::: SOURCE MATERIAL

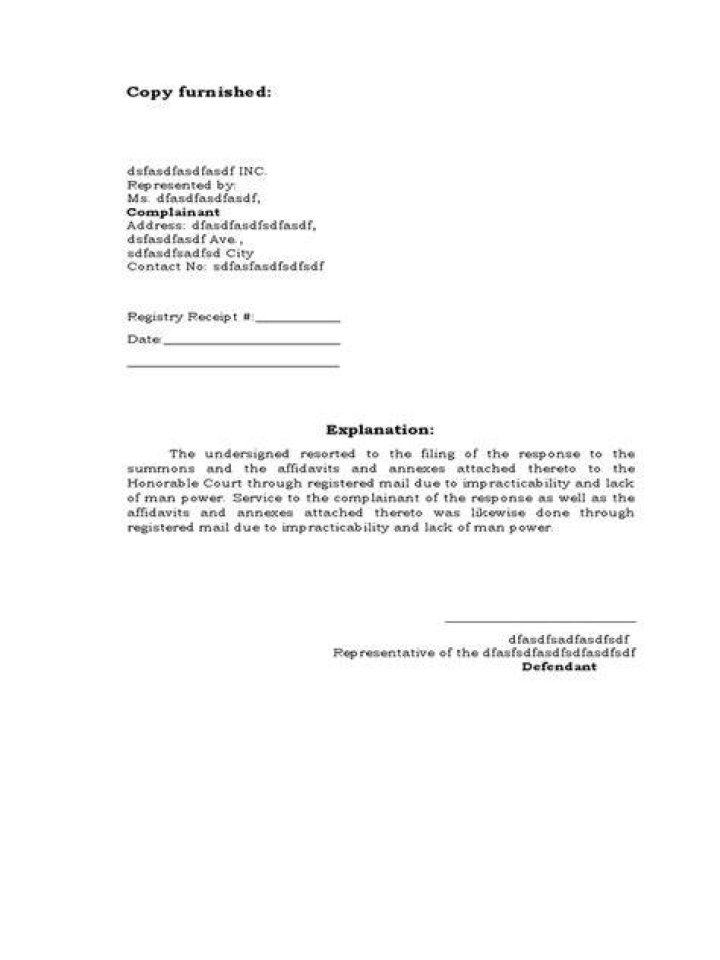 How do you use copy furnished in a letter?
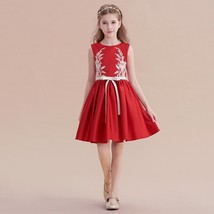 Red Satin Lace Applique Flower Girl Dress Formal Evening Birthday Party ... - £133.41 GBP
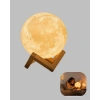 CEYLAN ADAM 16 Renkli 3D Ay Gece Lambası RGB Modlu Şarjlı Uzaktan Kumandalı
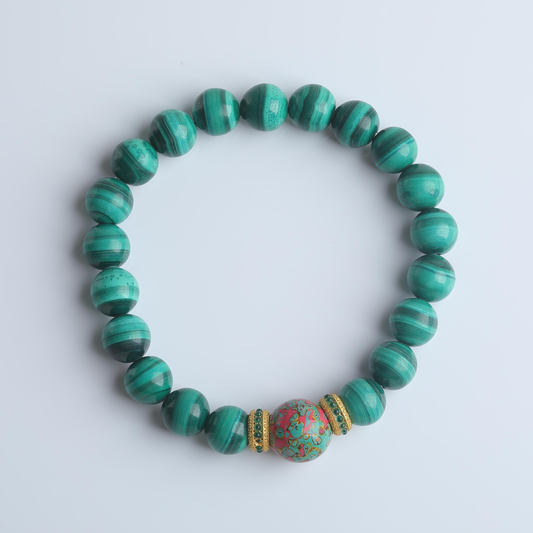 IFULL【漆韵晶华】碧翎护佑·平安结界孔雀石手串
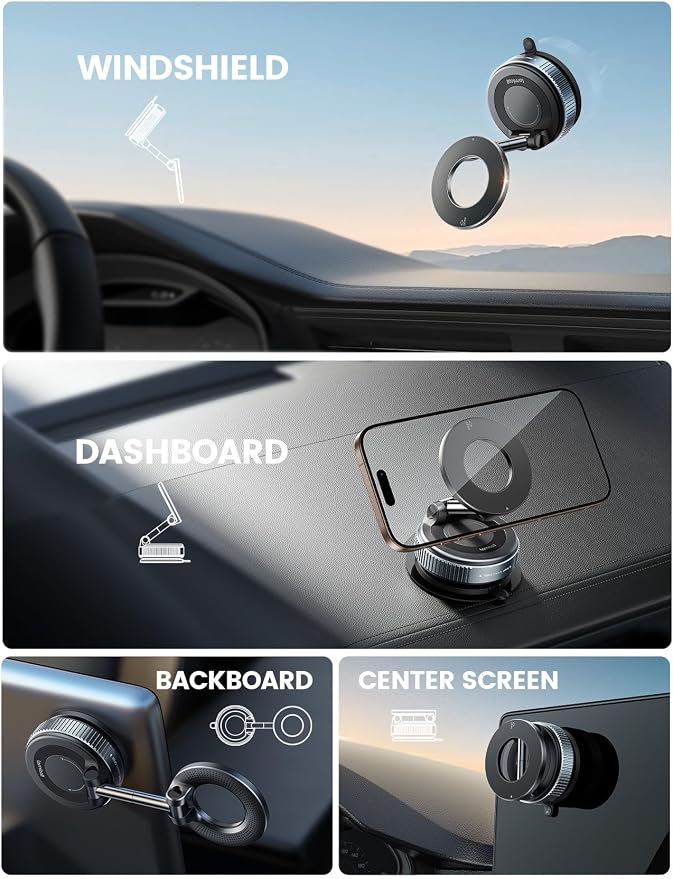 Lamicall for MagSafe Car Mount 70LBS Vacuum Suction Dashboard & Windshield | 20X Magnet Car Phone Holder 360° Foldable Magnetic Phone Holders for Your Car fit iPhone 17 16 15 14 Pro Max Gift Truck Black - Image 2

::::::
::: SOURCE MATERIAL

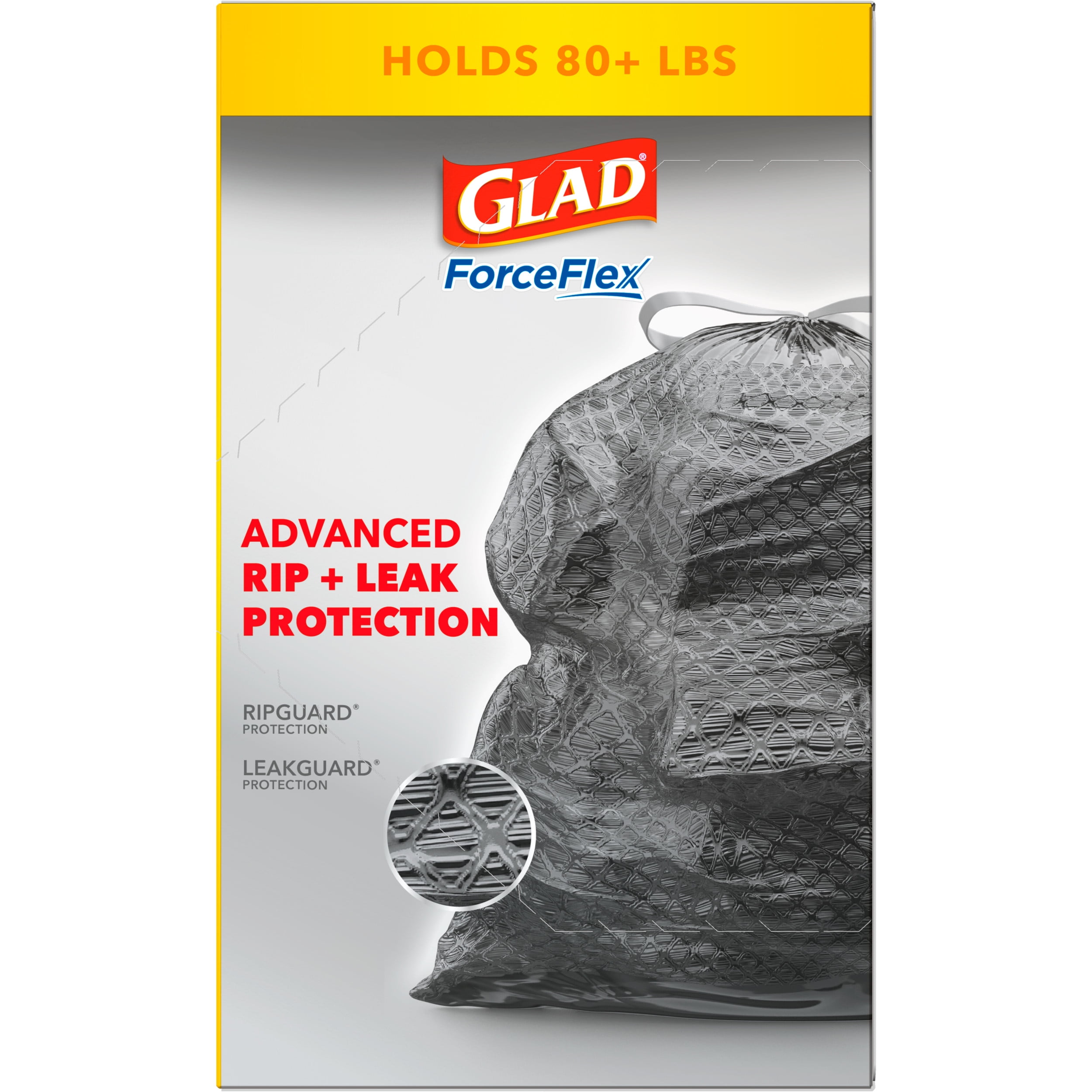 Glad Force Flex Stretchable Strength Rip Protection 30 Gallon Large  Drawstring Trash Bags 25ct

::::::
::: SOURCE MATERIAL

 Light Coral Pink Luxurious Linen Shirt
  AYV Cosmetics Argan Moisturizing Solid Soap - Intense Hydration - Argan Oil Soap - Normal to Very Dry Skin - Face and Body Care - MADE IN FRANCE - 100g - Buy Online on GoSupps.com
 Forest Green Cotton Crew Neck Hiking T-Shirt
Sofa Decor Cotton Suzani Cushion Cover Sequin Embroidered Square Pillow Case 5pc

::::::

Return the material from the line containing "How do you use copy furnished in a letter?" through the line containing "Lamicall for MagSafe", exactly and in full, but without its pictures.

**YOUR RESPONSE**
 How do you use copy furnished in a letter?
 Red Satin Lace Applique Flower Girl Dress Formal Evening Birthday Party ... - £133.41 GBP
 CEYLAN ADAM 16 Renkli 3D Ay Gece Lambası RGB Modlu Şarjlı Uzaktan Kumandalı
 IFULL【漆韵晶华】碧翎护佑·平安结界孔雀石手串
 Lamicall for MagSafe Car Mount 70LBS Vacuum Suction Dashboard & Windshield | 20X Magnet Car Phone Holder 360° Foldable Magnetic Phone Holders for Your Car fit iPhone 17 16 15 14 Pro Max Gift Truck Black - Image 2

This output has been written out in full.